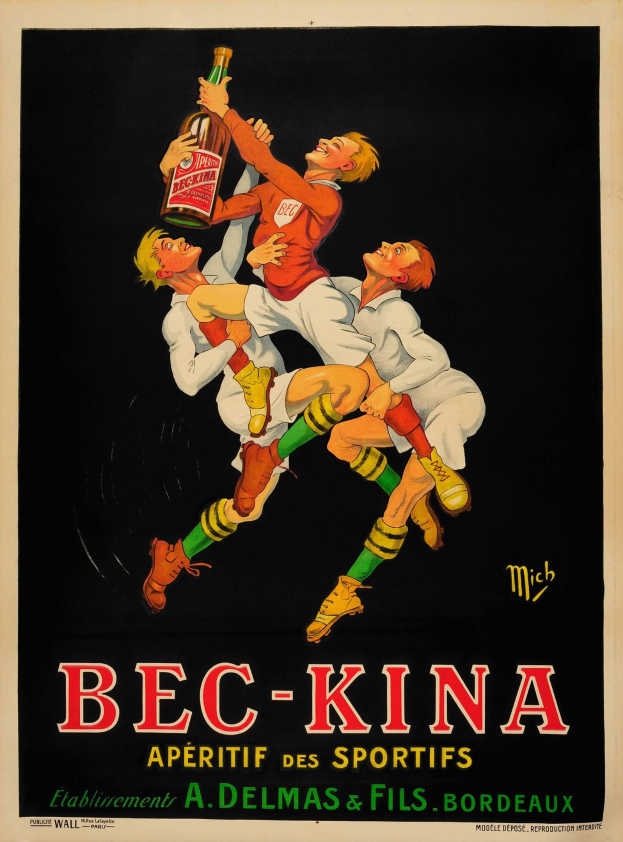 Ein Vintage-Plakat bewirbt Bec-Kina Aperitif des Sportifs, das drei Menschen mit einer Flasche der Marke zeigt, mit Text, der das Produkt beschreibt.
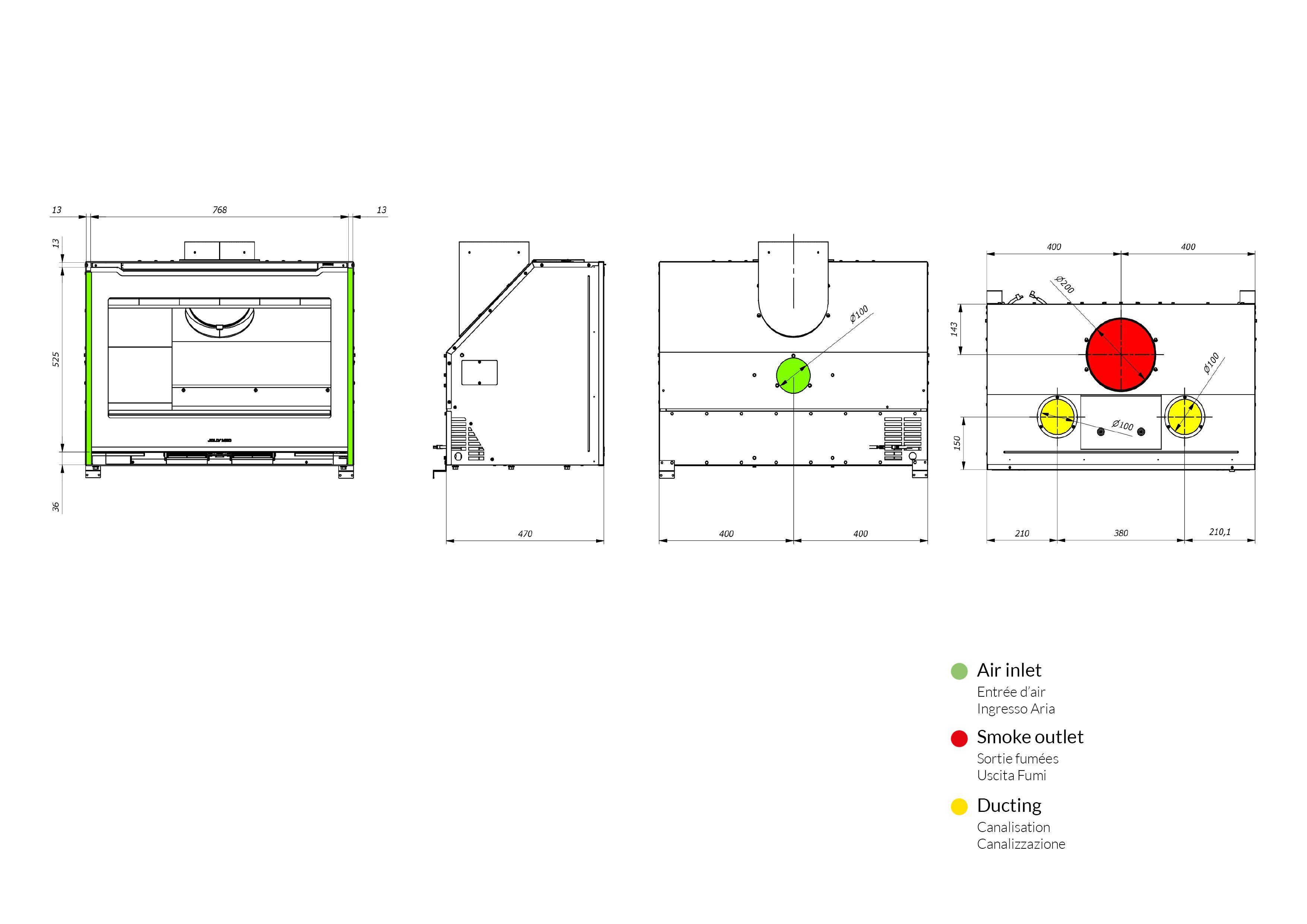 Вставка для дровяного камина Jolly Mec воздушные системы ARCH-00000636 - Вид №1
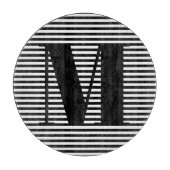 Pas monogram initiaal zwart wit strepen aan snijplank (Voorkant)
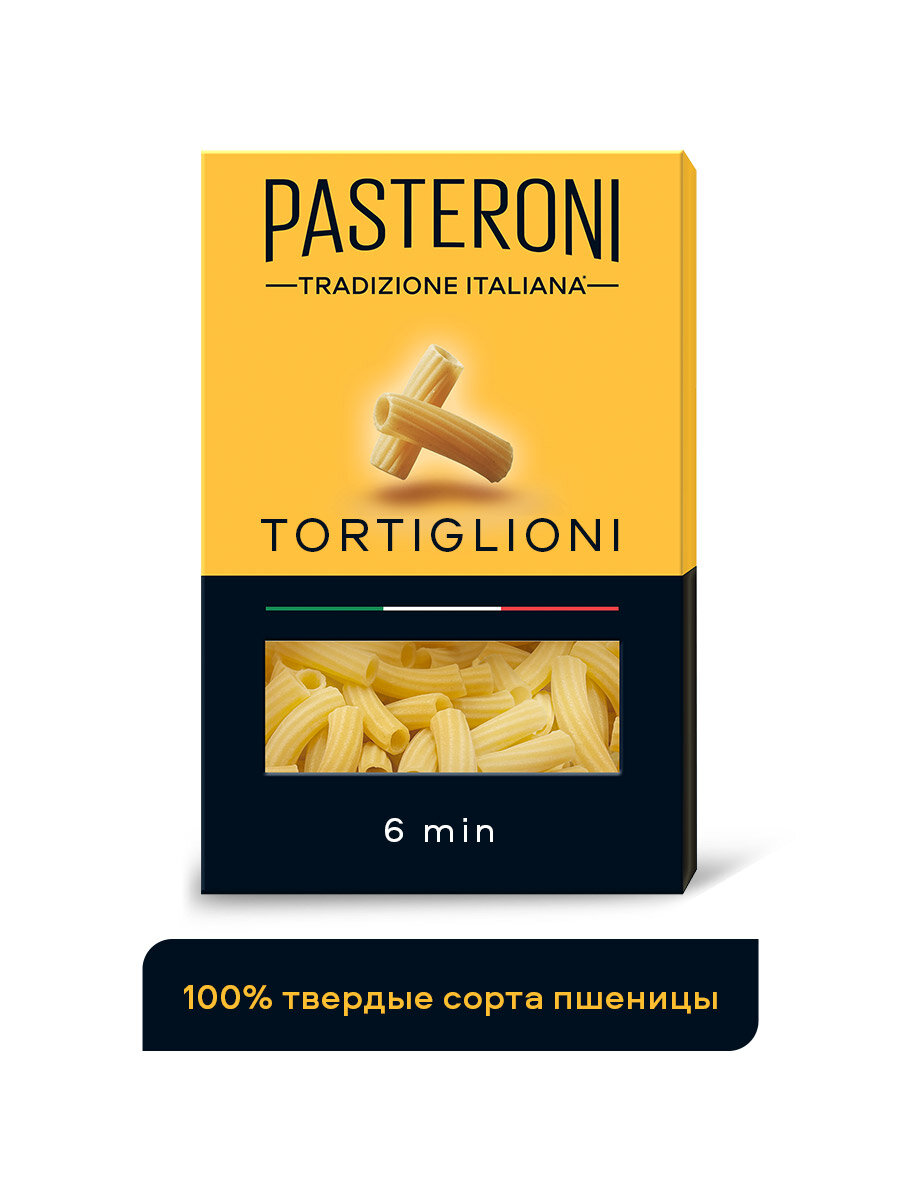 Макаронные изделия Pasteroni из твердых сортов пшеницы Тортильони №127, 400г.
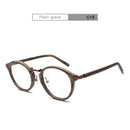 HDCRAFTER Prescription Eyeglasses Frames For Men and Women Retro Round Wood Grain Optical Glasses Frame with Clear Lens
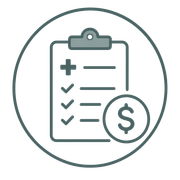 Clipboard checklist with dollar sign icon in a circle, suggesting billing or payment tracking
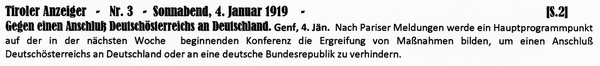 1919-01-04-gDeutschsterreich Anschlu verhindern-TAZ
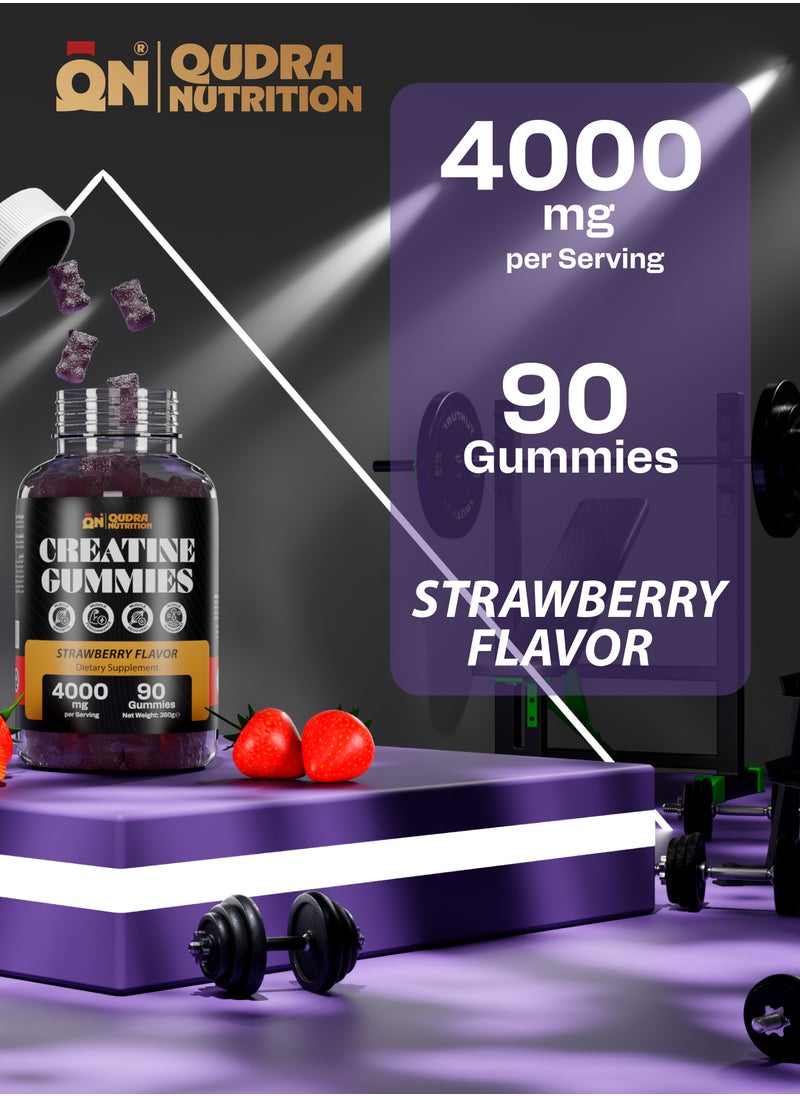 4000mg Creatine 90 Gummies, High Strength Creatine Monohydrate for Muscle Growth, Power & Recovery (Vegan Strawberry Flavour) 3rd Party Tested for Active Content Used for Men and Women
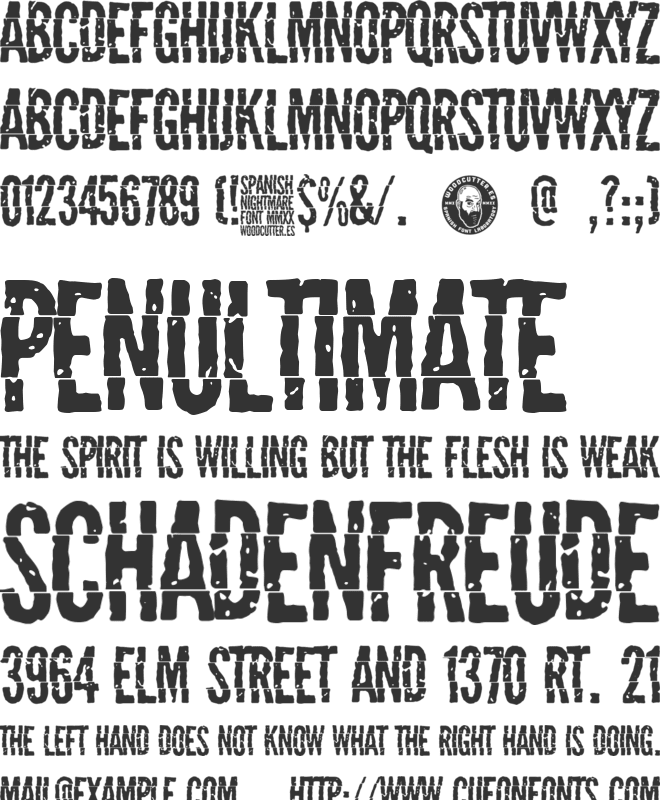 Spanish Nightmare font preview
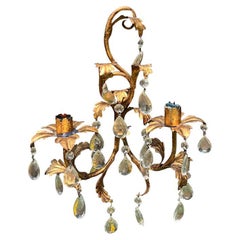 Crystal and Tole Metal Gold 2 Arm Candlestick Wall Sconce - Italy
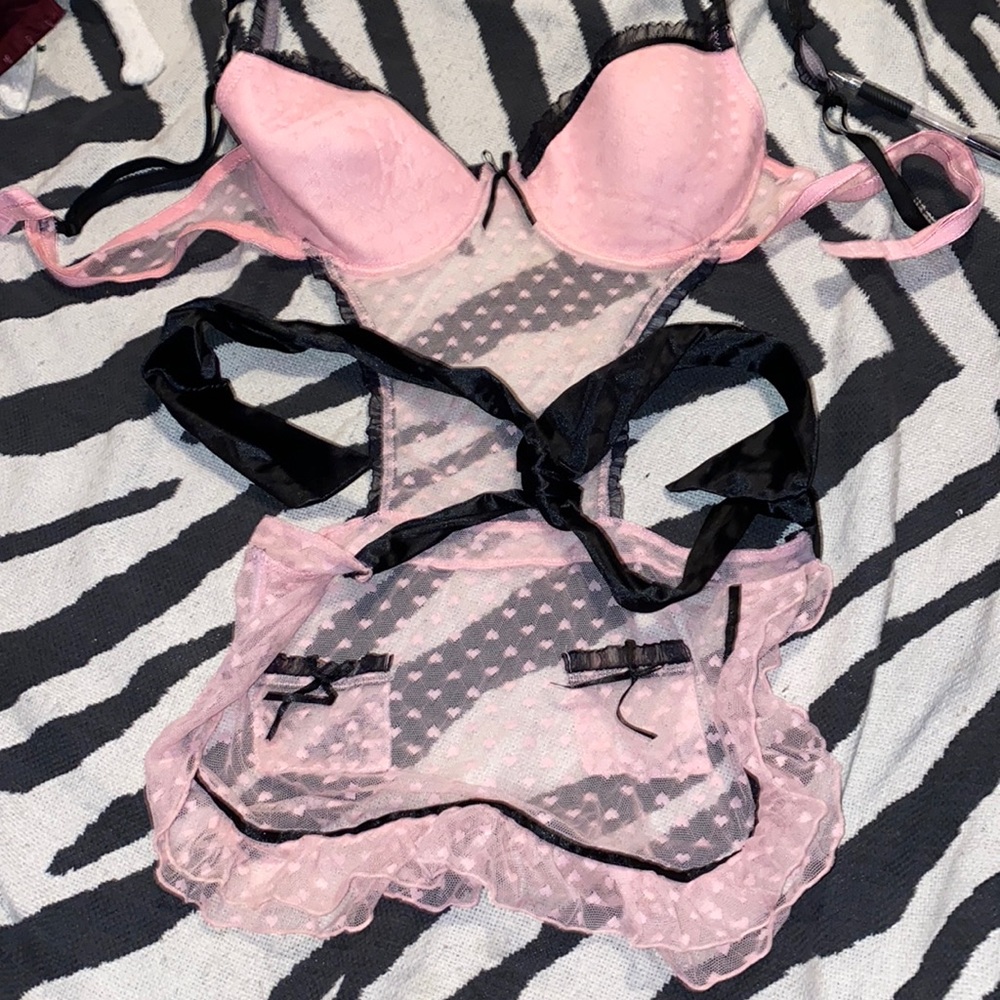 y2k soft pink maid lingerie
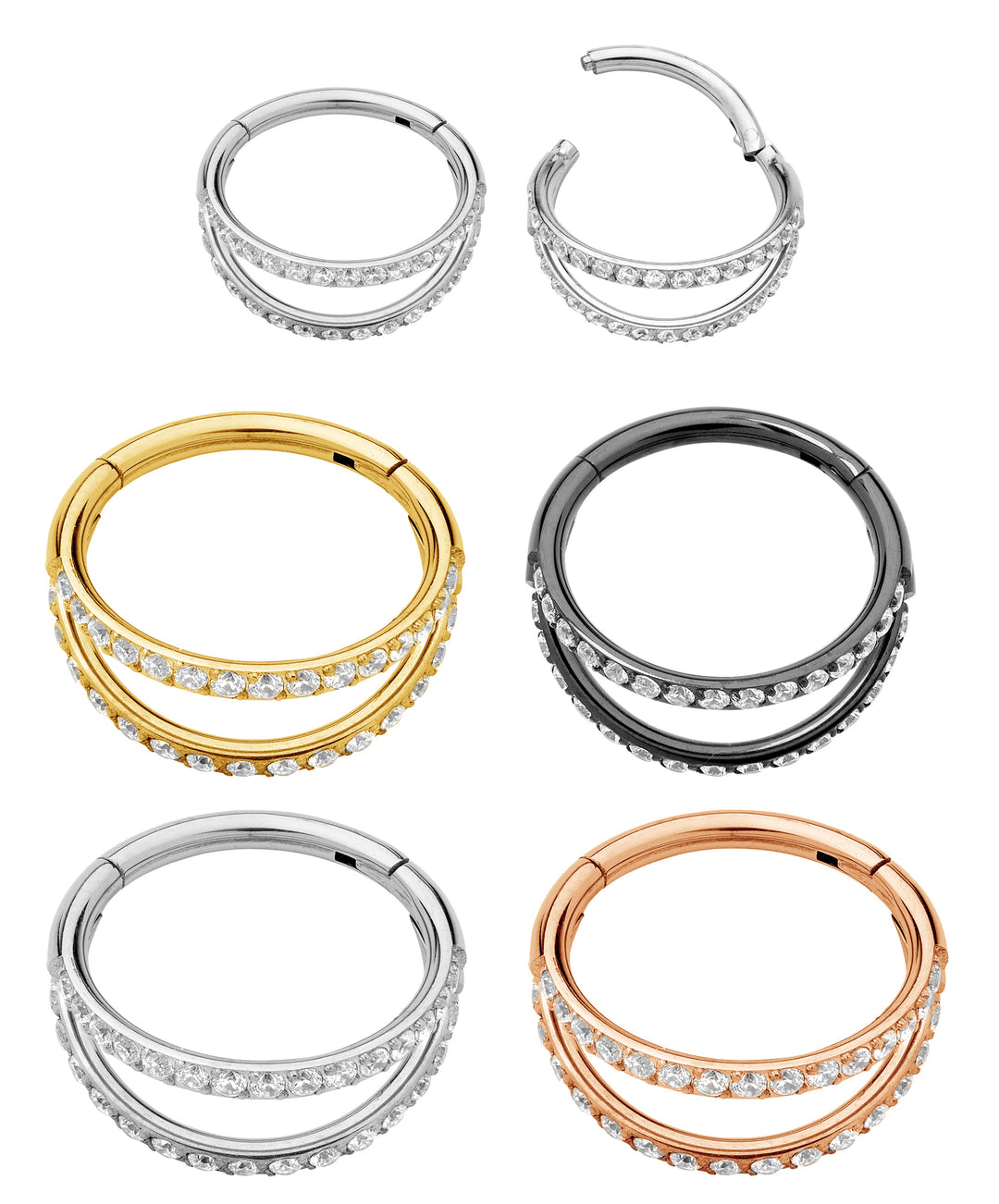 Pair 16G Titanium 8mm 12mm Double Gem Hinged Hoop Segment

==================================================

■ **What this task involves**
Reproduce only the lines running from the beginning of the entries above to the line holding "Вставка для дровяного", inclusive. Pictures stay out of the copy.

■ **Completed task**
 Ein Vintage-Plakat bewirbt Bec-Kina Aperitif des Sportifs, das drei Menschen mit einer Flasche der Marke zeigt, mit Text, der das Produkt beschreibt.
 Вставка для дровяного камина Jolly Mec воздушные системы ARCH-00000636 - Вид №1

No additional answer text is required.